# Furs at Science Fiction Conventions



## Rivercoon (Nov 21, 2016)

Furry conventions grew out of science fiction conventions.  The Furry Parties at various cons in the 1980's led to ConFURence.  Midwest FurFest started as an offshoot of the furry track at DucKon.
I have been attending Loscon since 1983 and intend to do so again this weekend.  How many modern furry fans also go to SF cons?


----------



## bhutrflai (Nov 21, 2016)

Hello! My mate, Okami_No_Heishi, & I actually found furries at Momocon this past May. We have always been sci-fi geeks, but neither of us had ever heard anything about the furries before. We want to go to Dragoncon, hopefully 2017, but we already have tix for Momo. And if Okami has his way, we will be going to FWA too. 
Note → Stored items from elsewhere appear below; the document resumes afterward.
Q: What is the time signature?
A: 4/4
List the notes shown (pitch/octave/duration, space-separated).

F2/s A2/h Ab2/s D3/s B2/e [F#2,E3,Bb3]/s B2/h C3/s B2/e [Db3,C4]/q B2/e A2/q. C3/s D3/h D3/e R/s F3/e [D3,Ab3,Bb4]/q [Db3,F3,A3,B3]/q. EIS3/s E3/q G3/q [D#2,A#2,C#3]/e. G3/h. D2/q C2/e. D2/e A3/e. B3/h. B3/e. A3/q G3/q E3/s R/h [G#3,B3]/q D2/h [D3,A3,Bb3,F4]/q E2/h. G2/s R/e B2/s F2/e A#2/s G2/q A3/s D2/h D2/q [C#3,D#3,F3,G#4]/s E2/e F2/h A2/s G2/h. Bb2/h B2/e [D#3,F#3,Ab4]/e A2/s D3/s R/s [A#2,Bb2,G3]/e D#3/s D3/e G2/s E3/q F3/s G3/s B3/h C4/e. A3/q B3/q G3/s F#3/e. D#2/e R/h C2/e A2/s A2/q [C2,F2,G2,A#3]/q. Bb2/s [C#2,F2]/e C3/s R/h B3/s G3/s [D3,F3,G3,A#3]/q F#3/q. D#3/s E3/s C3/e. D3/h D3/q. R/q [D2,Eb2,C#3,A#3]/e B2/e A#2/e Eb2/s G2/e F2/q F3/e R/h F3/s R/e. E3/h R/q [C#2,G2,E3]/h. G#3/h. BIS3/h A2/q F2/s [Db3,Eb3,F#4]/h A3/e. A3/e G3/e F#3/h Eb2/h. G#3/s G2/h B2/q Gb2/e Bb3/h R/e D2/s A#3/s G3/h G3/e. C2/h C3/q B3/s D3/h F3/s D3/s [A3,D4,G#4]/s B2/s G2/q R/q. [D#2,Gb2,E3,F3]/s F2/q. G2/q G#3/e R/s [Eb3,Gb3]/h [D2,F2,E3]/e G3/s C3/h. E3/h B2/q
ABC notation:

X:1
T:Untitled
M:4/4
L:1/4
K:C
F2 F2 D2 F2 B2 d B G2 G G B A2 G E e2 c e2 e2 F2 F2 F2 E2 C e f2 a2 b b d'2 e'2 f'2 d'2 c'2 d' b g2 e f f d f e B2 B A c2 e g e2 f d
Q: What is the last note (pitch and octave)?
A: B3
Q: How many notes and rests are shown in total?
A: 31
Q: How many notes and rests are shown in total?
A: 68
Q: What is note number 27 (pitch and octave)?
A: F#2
We love to cosplay as Space Pirates, at Renfest too, so of course okami wants a partial suit.


----------



## DuranWolf (Nov 21, 2016)

bhutrflai said:


> Hello! My mate, Okami_No_Heishi, & I actually found furries at Momocon this past May. We have always been sci-fi geeks, but neither of us had ever heard anything about the furries before. We want to go to Dragoncon, hopefully 2017, but we already have tix for Momo. And if Okami has his way, we will be going to FWA too.
> 
> We love to cosplay as Space Pirates, at Renfest too, so of course okami wants a partial suit.


And you two must come to Midwest Furfest next year.


----------



## Keefur (Feb 27, 2017)

I go to Mid-South Con and have been there in fursuit before.  It is in Memphis, TN in March.


----------